START Provided records

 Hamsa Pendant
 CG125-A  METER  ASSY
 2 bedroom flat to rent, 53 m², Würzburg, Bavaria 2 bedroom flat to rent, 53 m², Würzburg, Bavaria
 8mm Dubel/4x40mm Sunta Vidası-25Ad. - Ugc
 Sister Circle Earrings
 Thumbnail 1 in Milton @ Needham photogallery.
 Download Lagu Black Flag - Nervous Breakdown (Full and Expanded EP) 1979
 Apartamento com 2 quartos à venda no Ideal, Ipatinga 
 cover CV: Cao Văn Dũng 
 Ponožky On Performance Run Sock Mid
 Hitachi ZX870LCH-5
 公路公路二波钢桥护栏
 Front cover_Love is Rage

END Provided records

Your goal
Output the records in full, exactly.

Solution for this task
 Hamsa Pendant
 CG125-A  METER  ASSY
 2 bedroom flat to rent, 53 m², Würzburg, Bavaria 2 bedroom flat to rent, 53 m², Würzburg, Bavaria
 8mm Dubel/4x40mm Sunta Vidası-25Ad. - Ugc
 Sister Circle Earrings
 Thumbnail 1 in Milton @ Needham photogallery.
 Download Lagu Black Flag - Nervous Breakdown (Full and Expanded EP) 1979
 Apartamento com 2 quartos à venda no Ideal, Ipatinga 
 cover CV: Cao Văn Dũng 
 Ponožky On Performance Run Sock Mid
 Hitachi ZX870LCH-5
 公路公路二波钢桥护栏
 Front cover_Love is Rage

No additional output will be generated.